ISO Installation

SUSE Virtualization ships as a bootable appliance image, you can install it directly on a bare metal server with the ISO image. To get the ISO image, download 💿 harvester-v1.x.x-amd64.iso from the Releases page.

During the installation, you can either choose to create a new cluster or join the node to an existing cluster.

The following video shows a quick overview of an ISO installation.

Installation Steps

Mount the ISO file and boot the server by selecting the Harvester Installer option.

The installer automatically checks the hardware and displays warning messages if the minimum requirements are not met. The Hardware Checks screen is not displayed if all checks are passed.

Use the arrow keys to choose an installation mode. By default, the first node will be the management node of the cluster.

Create a new Harvester cluster: creates an entirely new cluster.
Join an existing Harvester cluster: joins an existing cluster. You need the VIP and cluster token of the cluster you want to join.
Install Harvester binaries only: If you choose this option, additional setup is required after the first bootup.

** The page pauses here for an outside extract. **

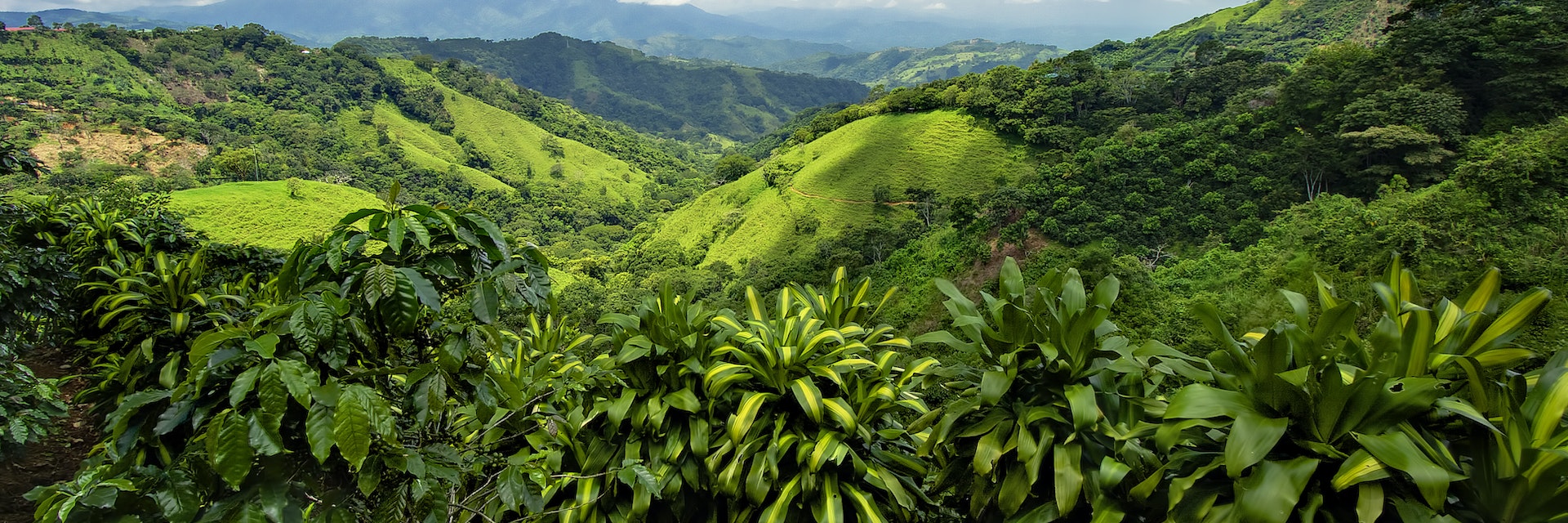 Costa Rica mountains and hillside was amazing.  view into valley was unbelievable. It was so much green for miles, and miles. cloud formation.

When there are 3 nodes, the other 2 nodes added first are automatically promoted to management nodes to form an HA cluster. If you want to promote management nodes from different zones, you can add the node label topology.kubernetes.io/zone in the os.labels config by providing a URL of configuration file on the customize the host step. In this case, at least three different zones are required.

Choose a role for the node. You are required to perform this step if you selected the installation mode Join an existing Harvester cluster.
- Default Role: Allows a node to function as a management node or a worker node. This role does not have any specific privileges or restrictions.
- Management Role: Allows a node to be prioritized when SUSE Virtualization promotes nodes to management nodes.
- Witness Role: Restricts a node to being a witness node (only functions as an etcd node) in a specific cluster.
- Worker Role: Restricts a node to being a worker node (never promoted to management node) in a specific cluster.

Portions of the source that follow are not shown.